The archaeological record makes it clear that the Zapotec had three different strategies for territorial expansion. The region of Sola de Vega, 40 miles southwest of Monte Albán, was so sparsely occupied that it could be annexed simply by sending in colonists. The Ejutla region, 30 miles south of Monte Albán, appears to have been taken over peacefully, possibly as the result of strategic marriage alliances among noble families. Ejutla thrived as the result of its incorporation by Monte Albán; its craftsmen imported seashells from the Pacific coast and converted them to ornaments for the Zapotec capital.

Yet another strategy was required by the region of Cuicatlán, 50 miles to the north of Monte Albán. In contrast to the temperate Oaxaca Valley, whose alluvial floor averages 4,800 to 5,500 feet above sea level, Cuicatlán lies in an arid tropical valley whose elevation averages 1,600 to 2,200 feet. With irrigation, Cuicatlán could produce both cotton and tropical fruits unavailable in Oaxaca Valley.

The leaders of Cuicatlán’s villages chose not to surrender their autonomy to the Zapotec. Unfortunately for those leaders, their population was organized only as a rank society. Monte Albán’s more experienced warriors made short work of Cuicatlán and left behind a wooden rack displaying the skulls of 61 local victims. Such a rack, known in Zapotec as a
yàgabetoo,
was designed to intimidate anyone who resisted incorporation.

The Zapotec reorganized the Cuicatlán landscape, moving its surviving population from the river floodplain to the piedmont. This left the floodplain free to be irrigated with newly built canals and aqueducts. The Zapotec intensified irrigation in Cuicatlán much as Mir Silim Khan had intensified it in Hunza, and the outcome was presumably similar: he who built the canals got to decide how and by whom they were used.

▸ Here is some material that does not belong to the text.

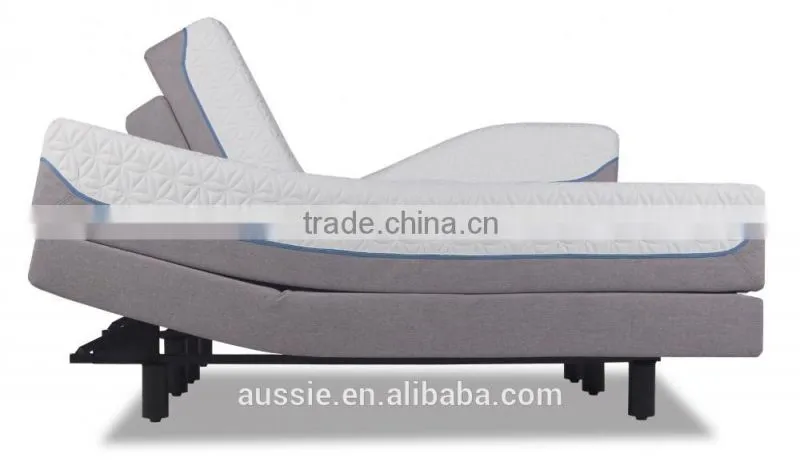 wireless remote adjustable foldable bed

Recall that Mir Silim Khan also built forts in his territory. The Zapotec did something similar. At the northern extreme of the Cuicatlán district, near a mountain pass leading to the valley of Tehuacán, they built a hilltop redoubt called the Fortress of Quiotepec. The pottery and tombs of this fortress were in typical Monte Albán style. To the north of the fort, however, Spencer and Redmond discovered a no-man’s-land some four miles wide. Beyond this buffer zone, dating from roughly 2,200 to 1,800 years ago, the pottery no longer resembled that of Monte Albán.

Whom was the Fortress of Quiotepec designed to discourage? We believe that it marked the frontier between Monte Albán’s expansion and that of Teotihuacan, an even larger first-generation state that we will discuss later in this book.

The Chain Reactions That Create More Kingdoms

Monte Albán, to be sure, was not able to annex every region it desired. The Zapotec expanded most successfully against their weaker neighbors, relying on diplomacy to bring the others in line.

In the mountains to the northwest, however, lay a series of well-populated valleys whose inhabitants had no intention of being incorporated into the Zapotec state. Included were the valleys of Tilantongo, Nochixtlán, and Huamelulpan. At the time of the Spanish conquest, all these valleys were occupied by speakers of the Mixtec language.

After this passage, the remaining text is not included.